La reflexión sobre la corrupción —como lo resalta Isabel C. Jaramillo, en su columna de SemanaLas emociones de la corrupción: el caso de Viviane Morales” (7-18-2019)— va más allá de que, en política, “es aprovechar bienes públicos en provecho propio”. Elabora acertadamente que, además de “la cantidad de delitos que cometan los servidores públicos en un país”, existe el “efecto de la percepción de corrupción”. Agregó que “el problema deja de ser uno de maldad individual y se vuelve uno de daño público medible y constatable”.

La percepción del Estado de corrupción quebranta gravemente no solo el bienestar de los ciudadanos y su orgullo de patria, sino el progreso y el desarrollo económico, a los que aludió el director del Banco de la República, refiriéndose a la polarización, que, en esta perspectiva, es otra manifestación de la corrupción, al anteponer intereses políticos individualistas por encima del bien común del país.

El presidente Duque y su Gobierno deben seguir liderando la campaña contra la corrupción, seleccionado cuidadosamente a los funcionarios estatales que, por sus antecedentes y actuaciones, contribuyan a generar confianza en las instituciones. Ha obrado con prontitud ante las denuncias de posibles falencias en las Fuerzas Armadas, al renovar la cúpula militar y suspender a oficiales comprometidos en delitos.

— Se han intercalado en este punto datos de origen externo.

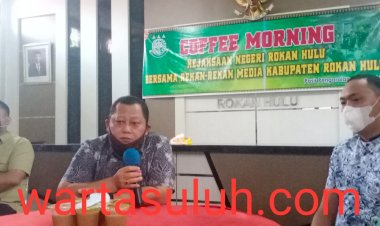 Kajari Rohul Pri Wijeksono Coffee Morning dengan Insan Pers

Esta lucha sería ineficaz si no se cuenta con un aparato de justicia en el que los jueces, magistrados y fiscales infundan respeto. El llamado “cartel de la toga” ha producido, como el que más, la percepción en la ciudadanía del Estado de corrupción. También han contribuido al descrédito de la rama Judicial las actuaciones equívocas de los últimos fiscales: uno, por desviar la investigación de la Contraloría sobre Saludcoop, con el agravante de haber actuado como abogado del director de esa EPS, y otro por haber estado vinculado a una de las empresas comprometidas con Odebrecht en la Ruta del Sol.

A este respecto, la Fiscalía del Perú se ha erigido como un ente ejemplar anticorrupción para América Latina, al haber enjuiciado a cuatro expresidentes, por sus nexos con la contratista brasileña. Lo mismo esperamos los colombianos que ocurra en nuestro país, con los funcionarios implicados en las fechorías de esa empresa.

La rama Judicial le debe a la ciudadanía la demostración de su capacidad de autocorrección y la decisión de escoger magistrados que estén revestidos de la dignidad que le devuelva el respeto a la justicia colombiana.

La terna para fiscal que seleccione el presidente Duque puede ser la decisión que garantice la viabilidad institucional de Colombia.